May 27th, 2008 at 7:25 am
how could i get bill gates’ e-mail.
will help me?
May 28th, 2008 at 1:28 pm
I have expirienced this first hand at three IT companies! I’m now involved in charities, much less taxing in this respect:)
June 2nd, 2008 at 12:06 pm
Hi Jeremy,
This is my first visit to your blog, and I have to say it’s high quality of those of other probloggers
About founderitis – I experience it in some kind of ways – I own a franchise unit, and apparently I can localise the effect of founderitis
However, I start a business blog (at Noobpreneur.com), and has been planning to delegate some writings to guest bloggers for some time, but I suffer severe founderitis if delegating is related to this blog
Cheers!
June 4th, 2008 at 2:53 am
Jeremy, Great post.
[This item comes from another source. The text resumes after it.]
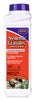 Bonide Systemic Granules Granules Insect Killer 1 lb.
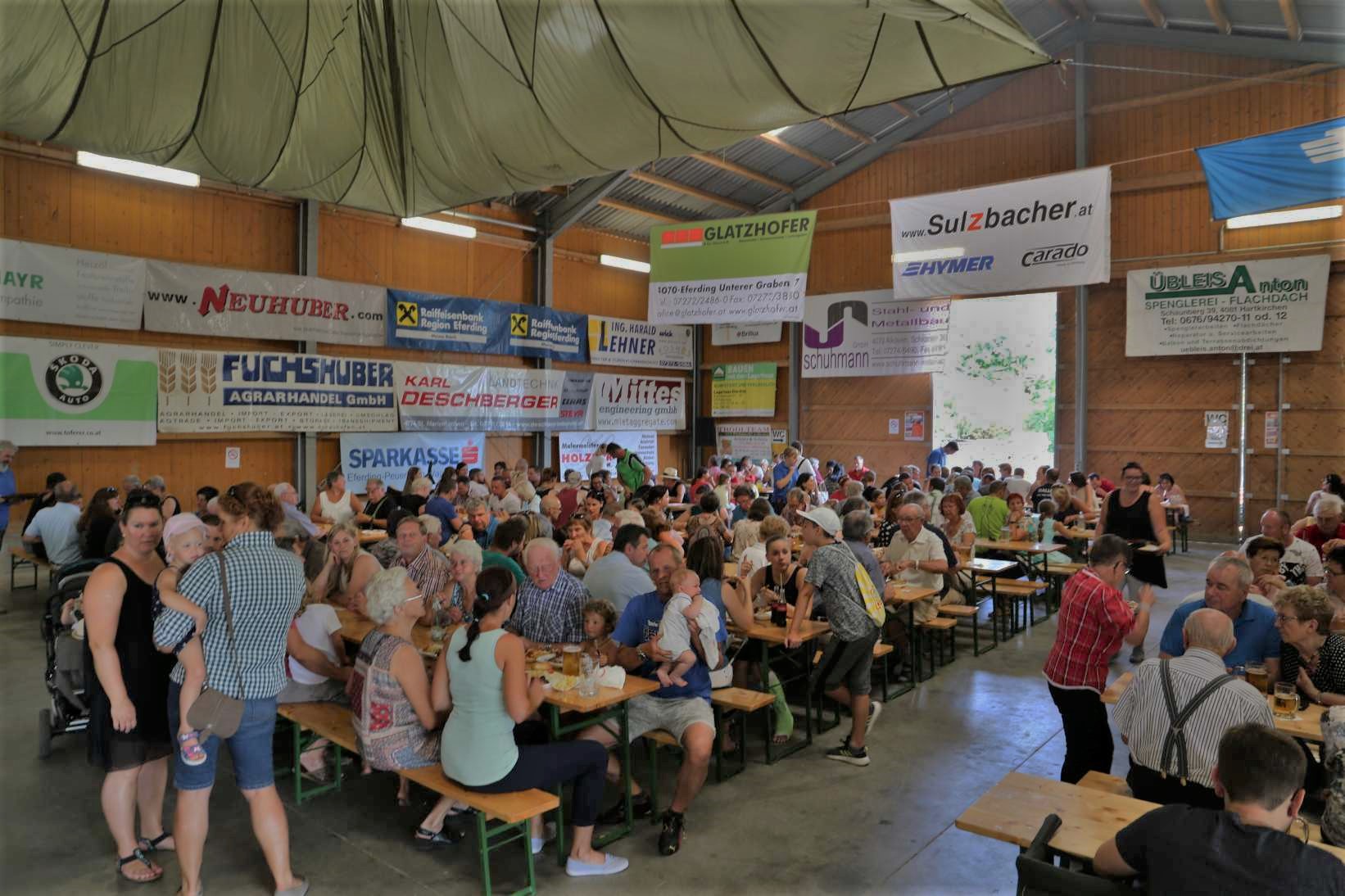 2018 08 19 Frühschoppen (14)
My last company Raindance Communications competed with WebEx for over 6 years and they kicked our ass. As i look back i believe it was a healthy dose of founderitis that always make us believe we knew what the market wanted more then the market. Thanks for sharing.
June 5th, 2008 at 11:36 pm
Jeremy – I figured I should wander over and read a bit here, quite glad I did.
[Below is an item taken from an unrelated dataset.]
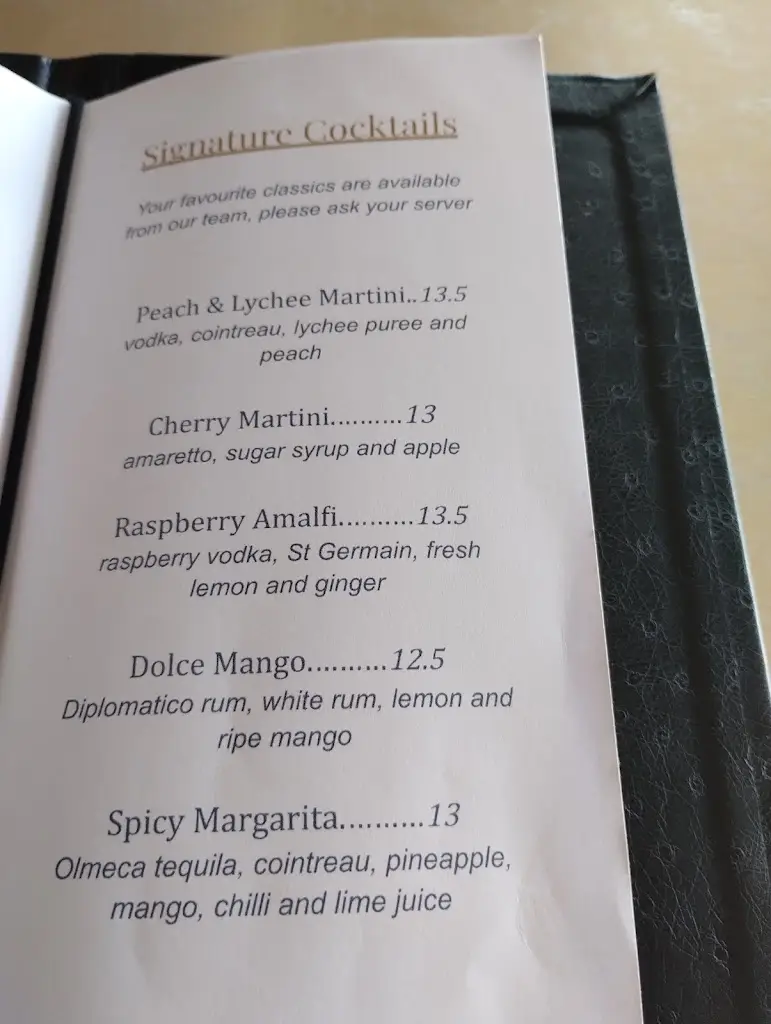 Menu_Panoramic 34_Liverpool_image_3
This is an amazingly insightful post, even if it was triggered by something someone else wrote. It’s not common that most founders see themselves in something like that – though they might see it in others.
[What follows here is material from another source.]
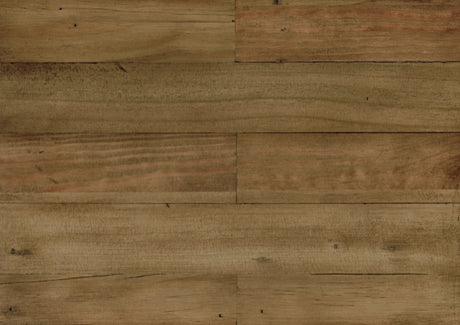 Strata Brown / Black Dining Table - Ornate Home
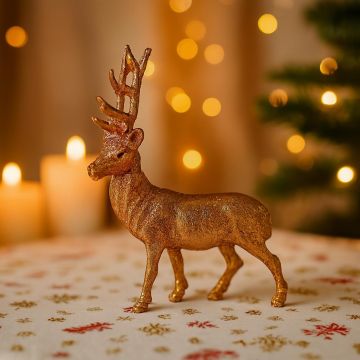 Boltz Home beeld hert Josa Gold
I would posit a guess that part of the reason so many “successful” entrepreneurs seem to be serial entrepreneurs is that it is sometimes easier just to sell their creation and move on to the next challenge than it is to slowly transition to a state of lesser involvement in the day-to-day functioning of their companies. Start-ups are a different mindset entirely than standard long-term corporate structures.
Still, there is much to be said for those who are able to roll with the changes and adapt to bringing in those who are equally good or even at times better at the things we pride ourselves at being ’strong’ in.
June 22nd, 2008 at 12:36 pm
Interesting and insightful post Jeremy. Thanks for sharing it.
June 26th, 2008 at 7:57 pm
Jeremy,
thanks for sharing those thoughts about hiring. I’m in my own company after 20 years in other peoples and hiring and performance management are two areas that I felt I was very good at as an IT manager. What rings true is the idea that there is a life cycle to a company and that you need to extract yourself as a founder over time and allow specialists to take over. That was how the industrial revolution worked and it is not really a surprise that it works that way for the tech revolution. I’ve talked to Rick once and attended one of his seminars and he is an excellent presenter with knowledge in a facinating field – the VC world. As a blogger myself I find B5 to be a fascinating company and best wishes to you going forward.
Stew
July 1st, 2008 at 4:18 pm
Regarding GeekMommy’s comment that “I would posit a guess that part of the reason so many “successful” entrepreneurs seem to be serial entrepreneurs is that it is sometimes easier just to sell their creation and move on to the next challenge than it is to slowly transition to a state of lesser involvement in the day-to-day functioning of their companies.”
I know a few entrepreneurs that were serial and they have pointed out that getting a company to survive requires an entire set of new skills and many serial entrepreneurs have 1 or more failures where they have lost everything. Like anything, there is a learning curve and it is easy to come up with a weak idea for a company, harder to come up with a good idea, and then there are the realities of that idea thriving and surviving.
July 3rd, 2008 at 8:33 am
Stew,
I agree with your possible reasoning for why many people sell their start ups. I would wonder however if maybe that’s the problem to begin with. The fear of uncertainty in the second phase of building a business stops them from building a strong enough team to keep the company running.
I would wonder why they didn’t focus on building a strong team of leaders in the first place who can repeat a system of growth. The best companies have a large pool of people who can step into key positions and get the job done. Do you think that maybe they are neglecting this habit in their start up phase?